Translated transcription of Yasuhara Kimei’s writings on Kiln firing, 1950s
Published in Meguro Museum of Art, Yasuhara Kimei Exhibition catalog, 1993
Kilnside thoughts at night
Stoneware is a pottery technique that emerged following earthenware, originating from ancient times during China's Han Dynasty, and it was also used in Korea's Silla Kingdom and Japan, particularly in areas like Ibe, Bizen, and Shudei-yaki. Stoneware is named so because its raw material becomes somewhat glassy and, when broken, it has a hard, stone-like texture.
Unlike earthenware, stoneware does not absorb water, which makes it suitable for ceremonial and everyday use. However, with the discovery of glazing techniques, glazed pottery took the spotlight, and stoneware is now primarily used for high-quality traditional shrine utensils and has become less common as everyday items.
You can still find many old stoneware pieces used for rituals or burial items. Within the rich, earthy texture of stoneware, there lies a sense of profound beauty, creativity, intricate patterns, and refined elegance. Stoneware tells romantic tales of the past that you might not know unless you're familiar with it, and this sense of nostalgia and gentleness is quite captivating.
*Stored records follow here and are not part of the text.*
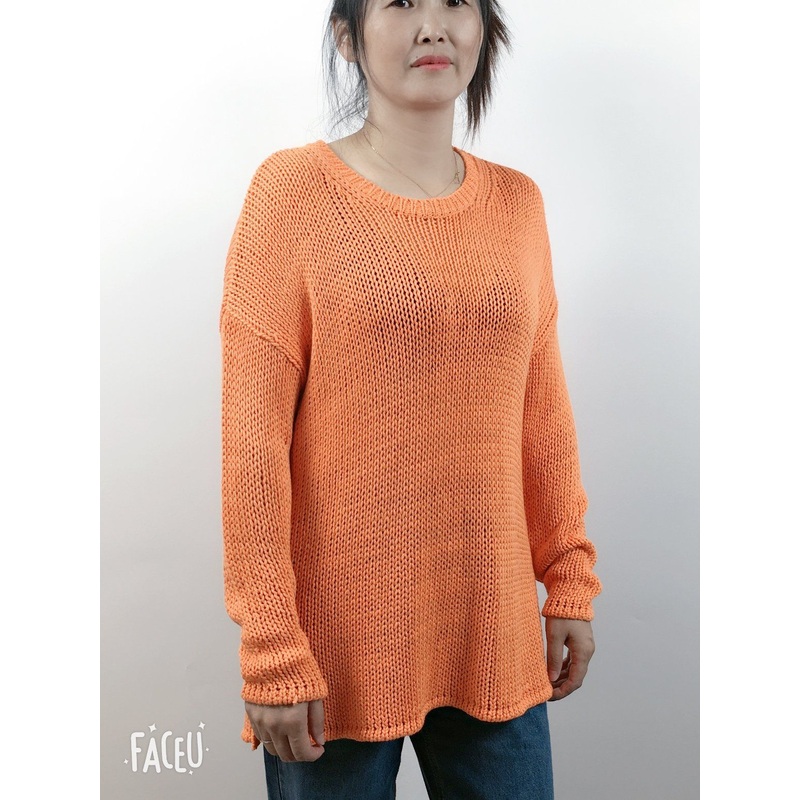 2022 Womens Fashion Knitted Round Neck Loose Sweater – Womens Sweater and Womens Pullover price|S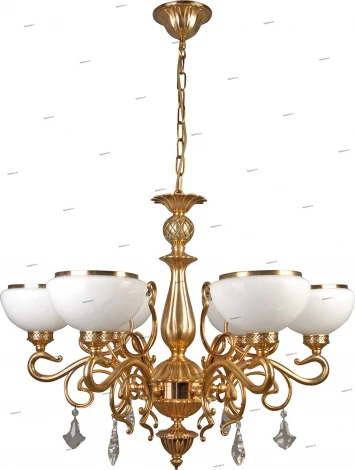 Подвесная люстра N-Light 309 309-06-52 старое золото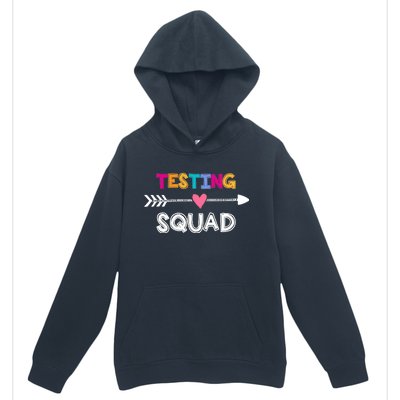 Testing Squad  Urban Pullover Hoodie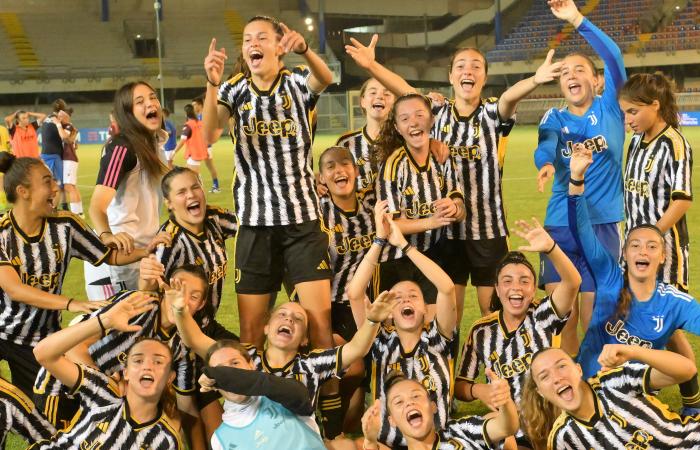Roma-Arezzo et le défi Scudetto Inter-Juventus : les moins de 17 ans féminins clôturent le programme des Finales Jeunes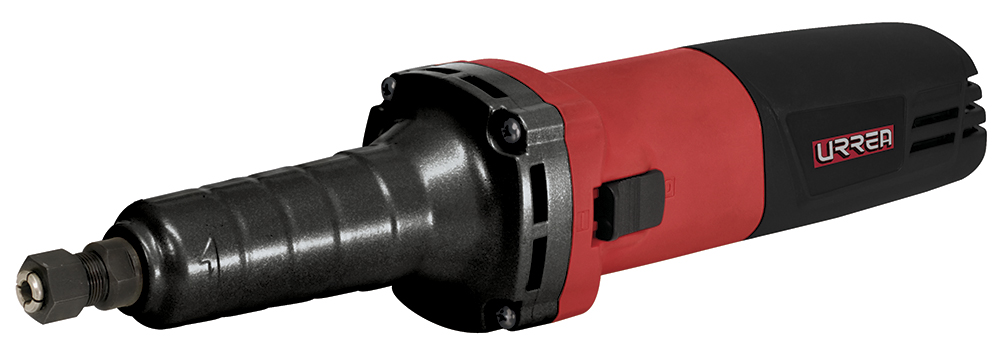 Rectificador recto 1/4" 550 W 120 V, 2,700 RPM, Urrea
I dream of revisiting and reassembling these forgotten stoneware pieces with a modern sensibility, believing that something beautiful can be created once again through this process. I am eager to conduct extensive research in this field.
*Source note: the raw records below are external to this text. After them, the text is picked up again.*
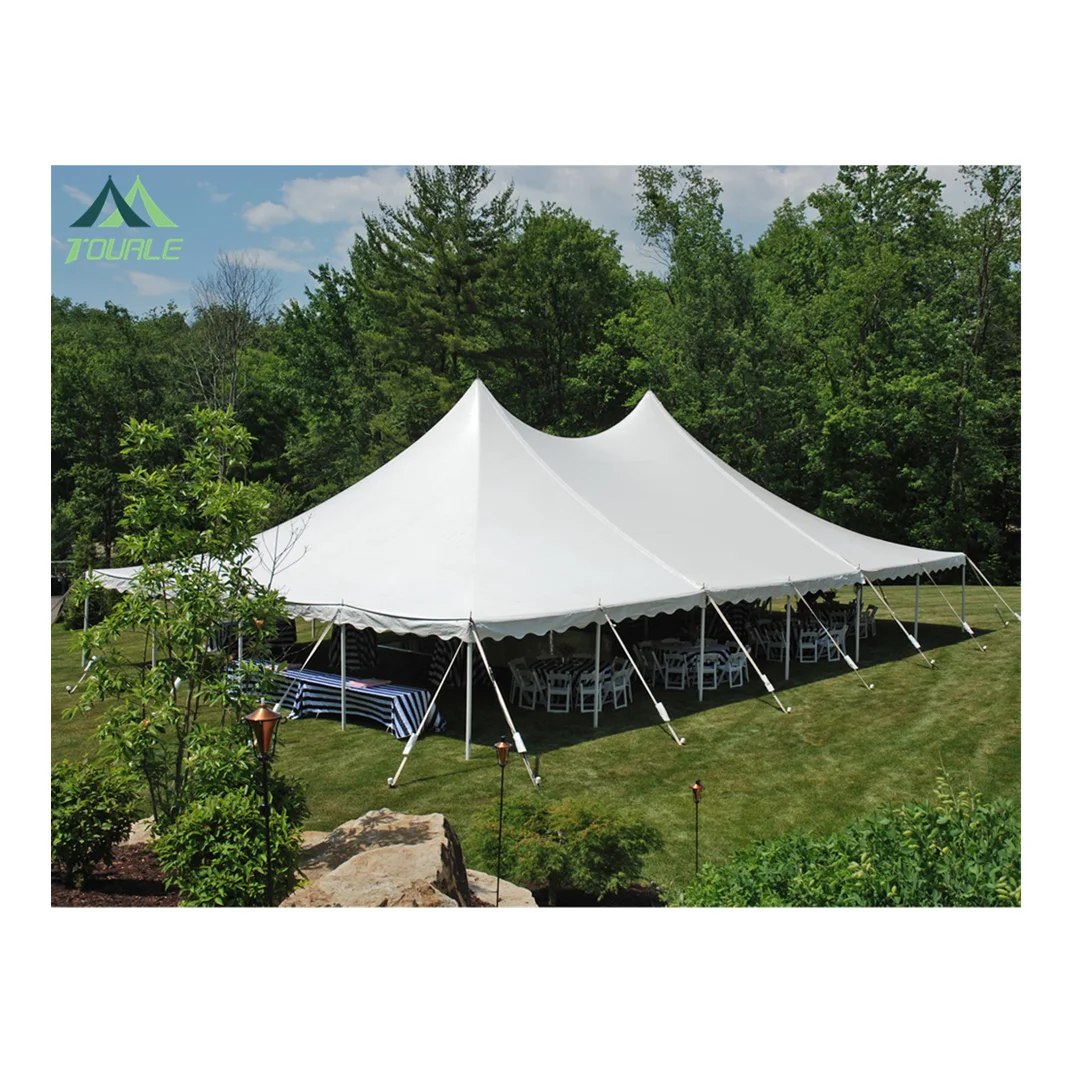 Luxury Transparent Wedding Tent Event Tent Event Outdoor Party 100 Person Tent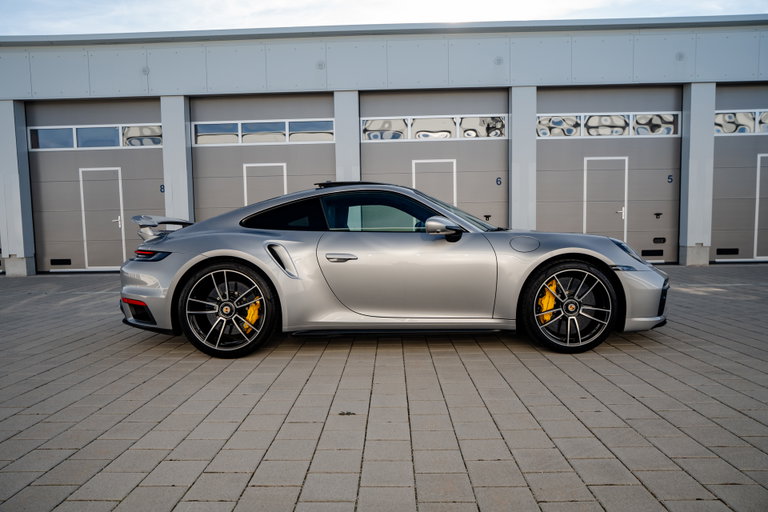 Porsche 992 Turbo S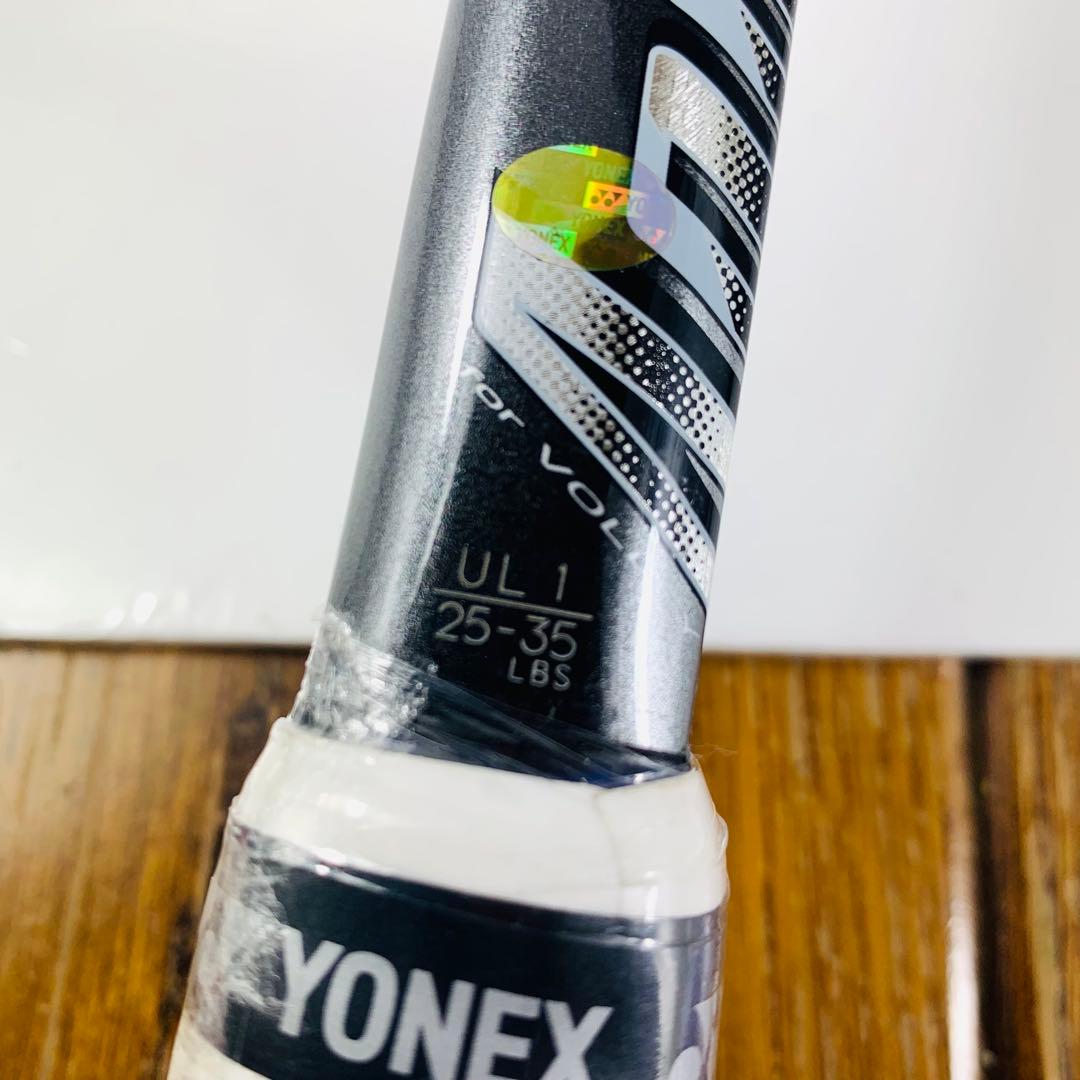 美品 ヨネックス ナノフォース 500V UL1 ソフトテニス ラケット 軟式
The term for the device used for firing pottery is called a "kiln."
When humanity first emerged in this world and felt the need for utensils, they initially used stones, and then they discovered the art of firing pottery. At that time, of course, they did not yet think about kilns. They simply stacked pottery on the earth's surface and covered it with burning wood, resulting in a very imperfect firing process.
If you look at the pottery from that time, you can see areas that are charred black, others that are strongly reddish-brown, and some that are smoked with oil, so there are hardly any uniform areas; it's mostly speckled due to the uneven firing.
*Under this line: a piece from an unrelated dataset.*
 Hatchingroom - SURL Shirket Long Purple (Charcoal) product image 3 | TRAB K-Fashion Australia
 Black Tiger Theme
Later on, they considered digging into the ground and firing pottery in a pit. However, with this method, the upper layers would be over-fired while the lower layers remained under-fired. Additionally, they couldn't control the firing temperature gradually, as we do today. Consequently, there were many failures, and the process remained imperfect.
Through various trials and errors, they eventually came up with the idea of covering something over the pit, allowing for a sort of steaming during firing.
At that time, perhaps because they still led a cave-dwelling life, they dug horizontal caves into the mountainside and created a pathway similar to a buried stoking hole in the back of the cave. This seems to be the initial concept of what we now call a charcoal kiln.
This particular design still exists today in a few places, such as kiln remains in old pottery regions like Seto, Tanba, and Ibe.
For instance, the kiln remains of Fujishiro in Seto had already developed considerably during that era, with high firing temperatures. They chose a hill of refractory clay and built pit kilns, resulting in fewer speckles in the pottery due to more even firing, higher temperatures, and better control of the firing process. This advancement marked a turning point in the art of pottery. During this time, they began firing items resembling both earthenware and stoneware.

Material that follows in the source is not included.